LVM does have a performance penalty, but it is not normally significant.
If you have a number of logical partitions which you then grow a
number of times, you end up with the actual physical blocks of the
partitions rather scattered across the disk(s), which may impact
performance for streaming or large files. The flexibility you get is
normally worth the slight cost (IMHO).

>> My recommendation is that you use mdadm to create a raid from the raw
>> drives or partitions on the drives, and if you want the volume
>> management features of LVM (I find it very useful), put LVM on top of
>> mdadm raid.
>
> This is exactly what I was trying to do. BUt LVM asks "stripe" or :no
> stripe". THat I wasn;t sure about.
>
>
>> As for the type of raid to use, that depends on the number of disks
>> you have and the redundancy you want. raid5 is well-known to be
>> slower for writing, especially for smaller writes, and it can be risky
>> for large disks in critical applications
>
> Maybe if I explain my situation you can have some more comments.
>
> I have 3 physical "storage boxes" (MD-1000's from Dell). Each takes 15
> SAS 15k drives of 300 GB each. i.e. I have a total of 45 drives of 300 GB
> each. Redundancy is important but not critical. Performance was more
> imporntant.
>
> My original plan was to split each box into two RAID5 arrays of 7 disks
> each and leave 1 as a hot spare. Thus I get 6 RAID5 arrays in all. They
> are visible as /dev/sdb /dev/sdc etc. but I want to mount a single /home
> on it. That's where I introduced LVM. But then LVM again introduces a
> striping option. Should I be striping or not?
>

Don't do any striping with LVM - set up your raid arrays (with hardware
raid and/or mdadm) until you have a single "disk", and put LVM on that.

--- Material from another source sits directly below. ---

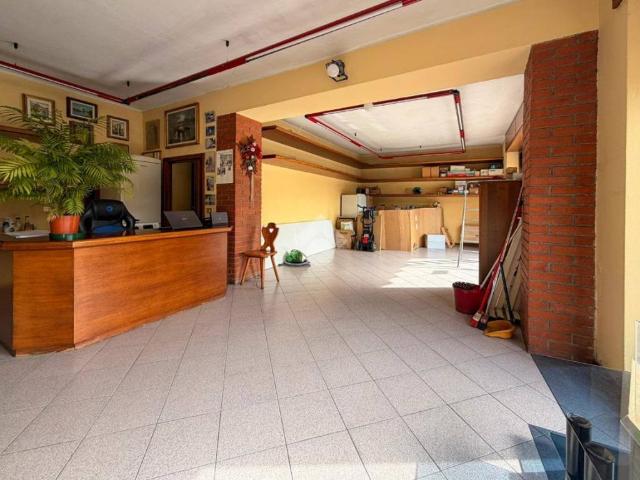 Locale Commerciale in affitto a Desenzano Del Garda, Lombardia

> That's where I am confuesd about what my best option is. It's hard to
> balance redundancy, performance and disk capacity.
>
>
> Any other creative options that come to mind?
>
>
>
>> (since rebuilding takes so
>> long, and wears the other disks). Mirroring is safer, and mdadmin can
>> happily do a raid10 (roughly a stripe of mirrors) on any number of
>> disks for high speed and mirrored redundancy.
>>
>> Booting from raids is complicated, but not as difficult as suggested
>
> Luckily I don't have to go down that path; I have a seperate drive to
> boot from.
>
From: David Brown on
Aragorn wrote:
> On Tuesday 19 January 2010 08:37 in comp.os.linux.misc, somebody
> identifying as Rahul wrote...
>
>> Aragorn <aragorn(a)chatfactory.invalid> wrote in news:hj1gta$2hp$5
>> @news.eternal-september.org:
>>
>> Thanks for the great explaination!
>
> Glad you appreciated it. ;-)
>

Unfortunately, there seems to me to be a number of misconceptions in
this post. I freely admit to having more theoretical knowledge from
trawling the net, reading mdadm documentation, etc., than personal
practical experience - so anyone reading this will have to judge for
themselves whether they think I am right, or Aragorn is right. Either
way, I hope to give you some things to think about.

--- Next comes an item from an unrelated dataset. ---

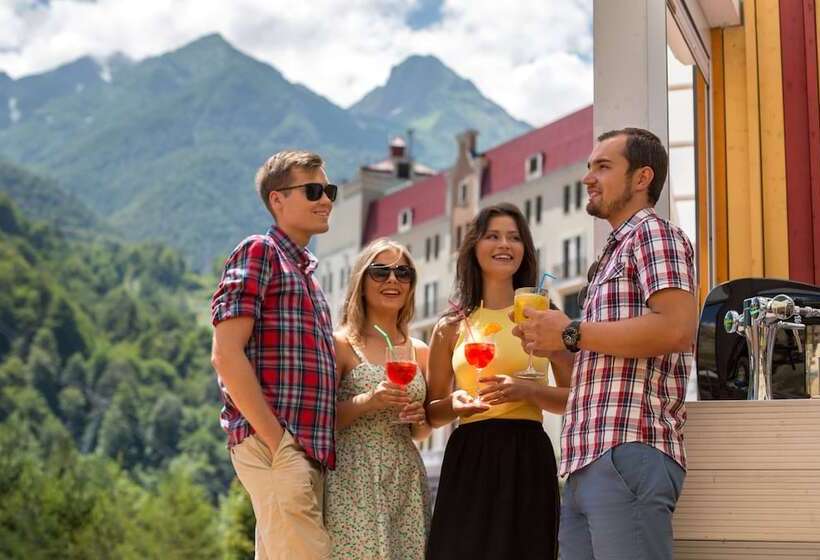 בית מלון כפרי Golden Tulip Rosa Khutor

>>> Writing to a RAID 5 is slower than writing to a single disk because
>>> with each write, the parity block must be updated, which means
>>> calculation of the parity data and writing that parity data to the
>>> pertaining disk.
>> This is where I get confused. Is writing to a RAID5 slower than a
>> single disk irrespective of how many disks I throw at the RAID5?
>
> Normally, yes, although it won't be *much* slower. But there is some
> overhead in the calculation of the parity, yes. This is why RAID 6 is
> even slower during writes: it stores *two* parity blocks per data
> segment (and as such, it requires a minimum of 4 disks).
>

Writing to RAID5 (or RAID6) /may/ be slower than writing to a single
disk - or it may be much faster (closer to RAID0 speeds). The actual
parity calculations are negligible with modern hardware, whether it be
the host CPU or a hardware raid card. What takes time is if existing
data has to be read in from the disks in order to calculate the parity -
this causes a definite delay. If you are writing a whole stripe, the
parity can be calculated directly and the write goes at N-1 speed as
each block in the stripe can be written in parallel. This is also the
case if the parts of the block are already in the cache from before.

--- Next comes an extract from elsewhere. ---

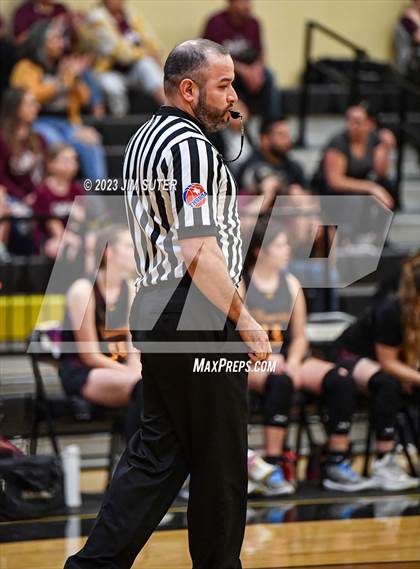Thumbnail 3 in Thorndale vs Flatonia (UIL 2A Reg IV Bi-District) photogallery.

Thus random writes are slow on RAID5 (and RAID6), but larger block
writes are full speed.

There can also be significant differences between the speed of mdadm
software RAID5, and hardware RAID5. With hardware raid, the card can
report a small write as "finished" before it has read in the block and
written out the data and new parity. This is safe for good hardware
with battery backup of its buffers, and gives fast writes (as far as the
host is concerned) even for small writes. Software raid5 cannot do
this. But on the other hand, software raid5 can take advantage of large
system memories for cache, and is thus far more likely to have the
required stripe data already in its cache (especially for metadata and
directory areas of the file system, which are commonly accessed but have
small writes).

This is perhaps also a good time to mention one of the risks of raid5
(and raid6) - the RAID5 Write Hole. When you are writing a stripe to
the disk, the system must write at least two blocks - data and the
updated parity block. These two writes cannot be done atomically - if
you get a system failure at this point, the blocks may be inconsistent
and the whole stripe is inconsistent and effectively becomes silent garbage.

>> I currently have a 7-disk RAID5. Will writing to this be slower than a
>> single disk?
>
> A little, yes. But reading from it will be significantly faster.
>

Not necessarily - writing will be slower if you do lots of small random
writes, but much faster if you write large blocks.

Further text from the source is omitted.